The goal of Choose Change is to affect positive change among companies and public organizations in Canada that allow for access to pornography. You can help hold them responsible by sending them a pre-written email through the Choose Change website.

Defend Dignity formulated a list of five companies and organizations in Canada that facilitate ease of access to porn.

  • Fairmont Hotels: They sell adult content videos in all their hotel rooms across Canada.
  • Amazon.ca: Canada’s largest online retailer offers over 26,000 pornographic items for sale through their site. Amazon.ca has a policy for third party groups selling on Amazon that prohibits selling items depicting nudity, pornography, and x-rated materials. However, Amazon itself sells many items that would fall in these categories.
  • Toronto Public Library: Canada’s largest library system is a target because they have no filters on their adult public computers. We have a body of evidence proving that patrons, including children, receive exposure to porn in these libraries.
  • And, finally, we are testing the waters with an internet service provider Tek Savvy, to see if they would lead the way among ISPs by blocking porn unless their consumers choose to opt in.

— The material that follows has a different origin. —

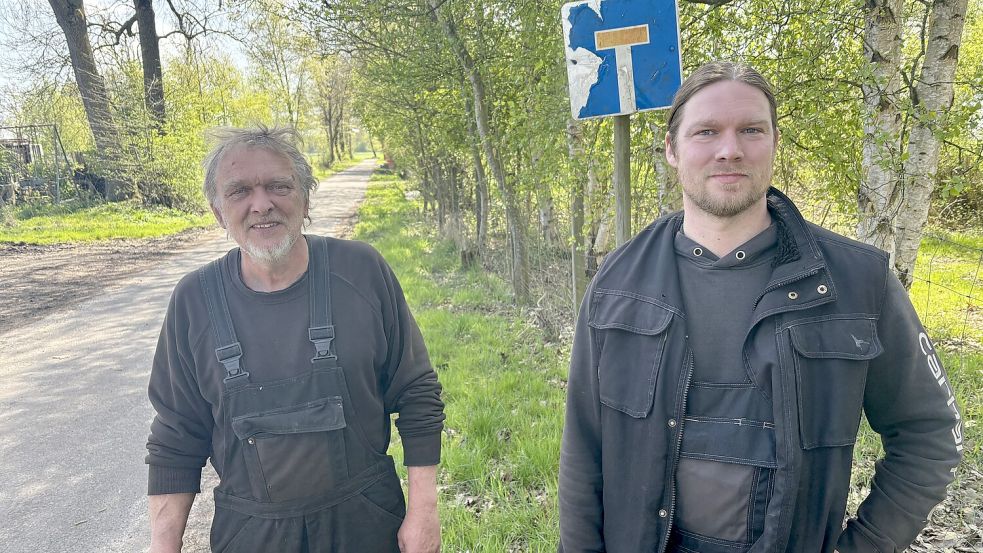 Gerhard Jan Alting (rechts) und sein Vater Gerhard Alting schilderten im Gespräch mit dieser Zeitung, wie sie den Diebstahl und die Flucht der beiden Täter erlebt haben. Foto: Carsten Ammermann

Can this approach make a difference? We celebrate the news that a company that was on our original list of five companies, The Keg restaurant chain, informed us on September 20, 2017 that they will be installing filters on their public WiFi in all their corporate restaurants. (You can read about it here.) Public pressure works!

In his book Half the Sky, Nicholas Kristof says, “When our values are at stake, leadership must come from ordinary citizens like you.” Will you do your part in the Gulliver strategy to tie down the giant of pornography? Each of these ropes together will make a difference.